I sense some people aren’t really taking the article seriously. :slight_smile: Is it a reflection of how seriously they take the assertions in said article, or do they actually agree with it (at least partially), and it’s just that the field was open for easy jokes? :smiley:

True to some extent, but if families start en masse cancelling their cable, internet, cell phones, etc., it’s going to cause one hell of a ripple effect.

I think his point in comparing the current situation to post-WW2 downturns is that this seems to be something more severe than the typical “economic speed bump” recessions we’ve had for the previous 60 years. I hope this isn’t going to be another Great Depression, but it could turn into the sort of 10-year stagnation that Japan suffered after it’s real-estate crash in 1990.

Right now I own a home and a gun. If the day dawns that I don’t have a home anymore but I still have a gun… we’ll see.

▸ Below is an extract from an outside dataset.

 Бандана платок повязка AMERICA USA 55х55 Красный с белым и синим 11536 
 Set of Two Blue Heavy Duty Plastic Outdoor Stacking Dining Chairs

If you don’t have criminal instincts by now, becoming homeless won’t give them to you. The Bonnie and Clyde/John Dillinger/Pretty Boy Floyd/etc. criminal population of the early Great Depression was mostly made up of people who had showed a criminal bent since their childhood.

It’s definitely more sever than most recessions. No one denies that. But saying that unemployment is worst today than it was during the Depression is sensationalist bullshit. It’s not worst today than during the Depression era. Even if you believe all the folks who say that government is hiding the ‘true’ unemployment figures. Double the unemployment figures as we STILL aren’t at Depression era unemployment numbers. You’d need to triple them or more to get to that level of unemployment.

Again, afaik no one is saying that this recession hasn’t been particularly bad. It has been. But trying to equate what’s happening today with what happened during the Depression is basically the same tactic used to try and compare the Iraqi war with Vietnam, as folks were trying to do…and for much the same reason.

-XT

Yeah, no one ever seems to think about the consequences of this. Lost jobs being the primary one.

You can’t take anyone seriously who doesn’t understand that.

Yes, that is true. But each ripple is less than the previous one. I think the concept that would define that is called the “money multiplier” or some such. Its a measure of how “many times” a dollar circulates through the economy.

Or in fancier mathmatical terms, its the sum of an infinite series of fractions where each fraction is fraction of the previous fraction and the total sum of the infinite series is a finite number less than 1.

Or in other words, there are ripples, but they decrease and cause a finite amount of damage, they don’t increase until everybody is out of a job.

A made up example might be something like lets say 10 percent of the work force is for whatever reason suddenly jobless (the Chinese quit buying Chia pets made in the good old USA perhaps). Okay, those folks quite buying American services/products and that results in more job losses and those folks buy less and so on and so on and so on… The end result from all those ripples might be something like 15 percent total end up jobless. Numbers totally made up, this is just an example.

That depends on the size of the initial splash. A ton of cell phone contracts dropping is not a big enough splash to become the next big disaster movie title.

The subprime collapse, however, took a LOT of stimulus dollars and a few QE’s to mitigate that tsunami.